To do>
Return exactly those lines of the material below that fall between the line holding "Collection of vintage" and the line holding "Crazoo Uzaktan Kumandalı", inclusive.

Material to process>

----------------------------------------

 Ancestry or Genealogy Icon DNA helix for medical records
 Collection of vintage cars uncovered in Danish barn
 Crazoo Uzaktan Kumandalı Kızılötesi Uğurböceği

----------------------------------------

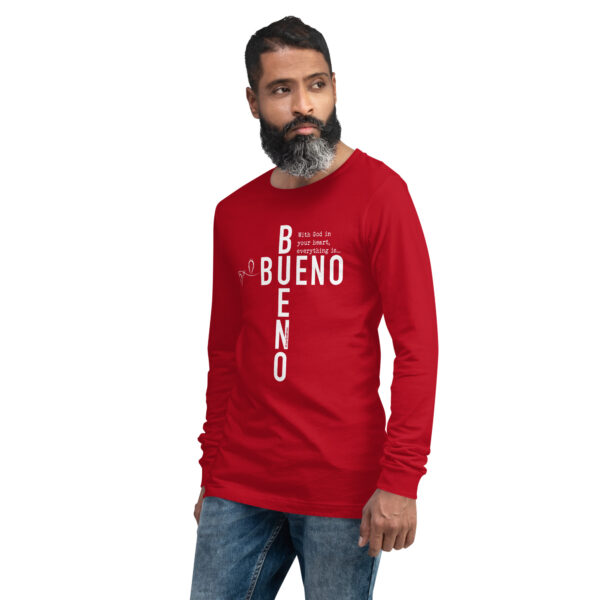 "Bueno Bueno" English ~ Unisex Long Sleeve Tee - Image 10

----------------------------------------

Expected output>
 Collection of vintage cars uncovered in Danish barn
 Crazoo Uzaktan Kumandalı Kızılötesi Uğurböceği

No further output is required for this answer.